Moline is an unincorporated community in western Lake Township, Wood County, Ohio, United States.

Moline does not have a post office. It shares its ZIP code with neighboring Walbridge (43465).

==Geography==
Moline is located at the intersection of Moline-Martin Road and East Broadway, approximately six miles south of Toledo. Moline is situated just south of State Route 795, which is the primary east-west artery of Lake Township, connecting Interstate 280 to Interstate 75 and the Ohio Turnpike. Its altitude is 623 feet (190 m).

==In pop culture==
On the television medical drama show Grey's Anatomy, surgeon April Kepner is from Moline, Ohio, and her family owns a farm there. this was referenced in two episodes.

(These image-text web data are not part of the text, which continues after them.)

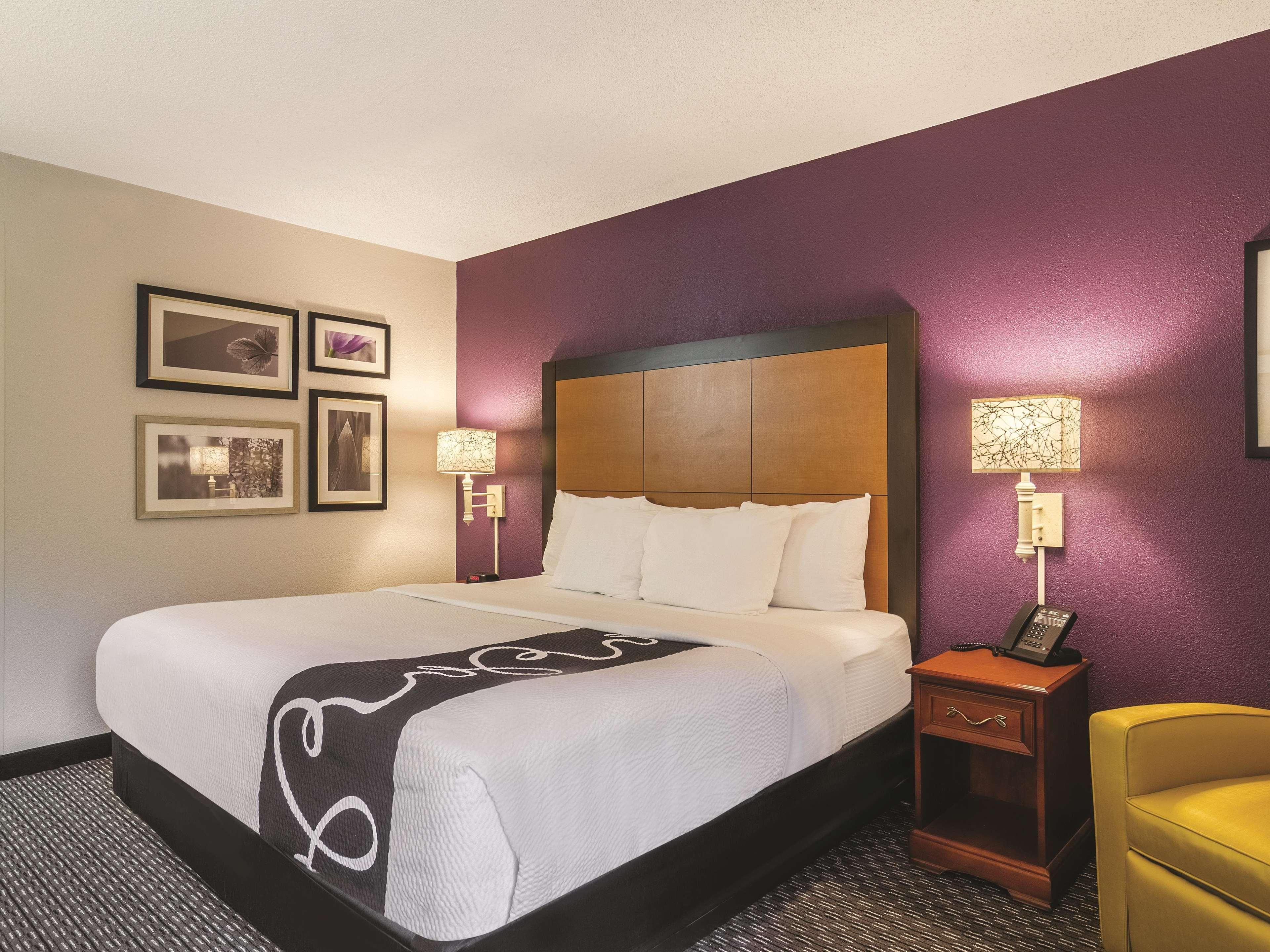 Wingate By Wyndham Brunswick Ga I-95 Hotel Ngoại thất bức ảnh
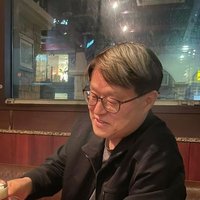 Wongi Choe (@wongichoe) 's Twitter Profile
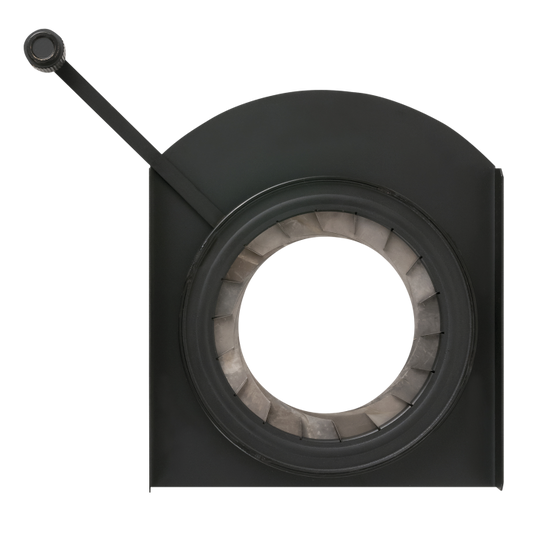 Showtec Iris for Performer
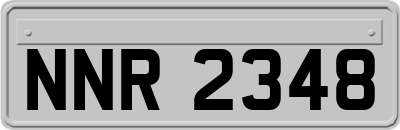 NNR2348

Season 9, Episode 3 “Remember the Time” and in Season 6, Episode 24 "Death and All His Friends".

==2010 Tornado==
On the night of June 5th, 2010, a tornado touched down west of Moline near the intersection of Oregon Road and the Ohio Turnpike. The tornado traveled north east towards Moline and entered town near Arapaho Drive with a strength of EF1. The tornado strengthened to EF2 as it damaged homes on Cherokee, Shawnee, and Neill avenues and destroyed a section of Mainstreet Church.

The tornado went on to take seven lives, destroy the Lake Township Administration Building and Lake High School. It strengthened to EF4 strength as it destroyed many homes on Main Street in the town of Millbury.